An IOMMU (input/output memory management unit) is a memory management unit (MMU) that connects a DMA-capable I/O bus to the main memory. DMA (Direct Memory Access) is a feature of many computers that allows certain devices to access the memory without help from the CPU. Double Address Cycle (DAC) is 64-bit DMA; regular DMA uses 32-bits.
Next, we are asked about enabling Calgary by default (Should Calgary be enabled by default? (CALGARY_IOMMU_ENABLED_BY_DEFAULT)). Calgary is the same concept as the IOMMU support mentioned above. The difference between the two is this is support for such a feature on many devices while the one above is specifically for IOMMU IBM devices. If this is disabled and you need to use it later, use this kernel parameter (iommu=calgary).
Here is a question that should be handled carefully (Enable Maximum number of SMP Processors and NUMA Nodes (MAXSMP)). Only enable this if the system the kernel will run on has many SMP processors and NUMA nodes like the Core i7 and many AMD CPU chips. If such a system lacks SMP processors and NUMA nodes or has a very little amount, the kernel can be inefficient. It is best to select “No”.
Non-Uniform Memory Access (NUMA) is a system of memory where each part of the memory takes longer to access than others. A node is a set of memory. For instance, a NUMA system may have three RAM chips. Each chip is one node. There is a node/chip on the motherboard with the CPU (this is the fastest node). The other two nodes are on a different bus. These two nodes take more time to access than the first node.
NOTE: ccNUMA and NUMA are now the same or at least very similar.
Symmetric Multi-Processing (SMP) is an alternative to NUMA. The memory is on the same bus. Only so many CPUs can access a bus, so this limits the number of processors on a SMP system. However, the memory is equally fast.
REMEMBER: I am compiling a kernel for an AMD64 system, so I will tell you what choice I made to help readers to understand the process and choices. If I do not specify what I choose, then I choose the default choice. When you are compiling for a different system or you have different needs, you will need to make alternate decisions based on your situation.
Next, choose the maximum number of CPUs the kernel will support unless the configuration tool chose for you. This configuration can optimize the kernel for the given amount.

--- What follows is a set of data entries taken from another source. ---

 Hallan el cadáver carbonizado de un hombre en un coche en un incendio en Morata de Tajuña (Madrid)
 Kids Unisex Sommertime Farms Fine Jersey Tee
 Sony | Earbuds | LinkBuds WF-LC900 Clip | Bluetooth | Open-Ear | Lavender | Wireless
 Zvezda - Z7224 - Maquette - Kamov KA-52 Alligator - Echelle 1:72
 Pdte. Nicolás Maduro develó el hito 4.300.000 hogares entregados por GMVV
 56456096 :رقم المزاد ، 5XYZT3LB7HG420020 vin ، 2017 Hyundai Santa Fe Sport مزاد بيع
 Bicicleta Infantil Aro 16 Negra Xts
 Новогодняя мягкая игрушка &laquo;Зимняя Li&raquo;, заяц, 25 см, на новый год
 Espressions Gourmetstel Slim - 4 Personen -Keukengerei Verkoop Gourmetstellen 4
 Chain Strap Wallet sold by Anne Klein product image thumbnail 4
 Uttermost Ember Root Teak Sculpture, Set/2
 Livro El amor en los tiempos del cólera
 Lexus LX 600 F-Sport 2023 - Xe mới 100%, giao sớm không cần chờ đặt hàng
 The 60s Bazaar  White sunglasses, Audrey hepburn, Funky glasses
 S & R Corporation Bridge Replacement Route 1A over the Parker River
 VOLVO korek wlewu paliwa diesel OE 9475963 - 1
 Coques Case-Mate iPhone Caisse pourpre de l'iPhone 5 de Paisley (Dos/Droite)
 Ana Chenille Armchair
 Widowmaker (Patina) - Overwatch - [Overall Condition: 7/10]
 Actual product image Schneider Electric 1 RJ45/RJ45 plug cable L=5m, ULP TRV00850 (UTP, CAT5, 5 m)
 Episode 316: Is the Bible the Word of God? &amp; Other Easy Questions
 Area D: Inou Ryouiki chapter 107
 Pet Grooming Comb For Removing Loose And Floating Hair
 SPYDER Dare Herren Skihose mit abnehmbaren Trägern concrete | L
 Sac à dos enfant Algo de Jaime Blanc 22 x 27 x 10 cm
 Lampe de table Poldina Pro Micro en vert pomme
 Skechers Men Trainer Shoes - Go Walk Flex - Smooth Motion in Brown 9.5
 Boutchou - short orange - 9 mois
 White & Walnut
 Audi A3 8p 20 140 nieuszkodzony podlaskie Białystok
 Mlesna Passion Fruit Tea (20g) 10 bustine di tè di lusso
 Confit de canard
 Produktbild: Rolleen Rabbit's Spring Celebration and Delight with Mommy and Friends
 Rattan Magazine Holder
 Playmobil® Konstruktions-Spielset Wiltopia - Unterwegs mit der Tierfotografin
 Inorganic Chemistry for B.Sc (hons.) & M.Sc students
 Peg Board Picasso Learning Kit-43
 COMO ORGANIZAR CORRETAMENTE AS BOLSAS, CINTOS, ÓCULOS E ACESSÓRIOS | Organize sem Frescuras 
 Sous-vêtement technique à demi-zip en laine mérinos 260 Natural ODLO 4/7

Then, enable or disable “SMT (Hyperthreading) scheduler support (SCHED_SMT)”. The SMT scheduler improves the CPU's decision-making on Pentium 4 processors that use HyperThreading. However, there will be extra overhead. For some systems, it is best to choose “no” as I have done.
HyperThreading is a proprietary SMT parallelization for microprocessors (Intel invented the implementation). This is a special form of multitasking/multithreading (doing many tasks at once). Simultaneous multithreading (SMT) improves multithreading efficiency.
After that, enable or disable “Multi-core scheduler support (SCHED_MC)”. This feature also improves the CPU's decision making on multi-core chips. However, the cost is extra overhead. I chose “No”.
Here, in this next option, the preemption model can be chosen.
Preemption Model
1. No Forced Preemption (Server) (PREEMPT_NONE)
> 2. Voluntary Kernel Preemption (Desktop) (PREEMPT_VOLUNTARY)
3. Preemptible Kernel (Low-Latency Desktop) (PREEMPT)
choice[1-3]: 2
Preemption is the process of pausing an interrupting task with the intent of allowing it to continue executing later. Preemption forces the task to pause. The task cannot ignore preemption.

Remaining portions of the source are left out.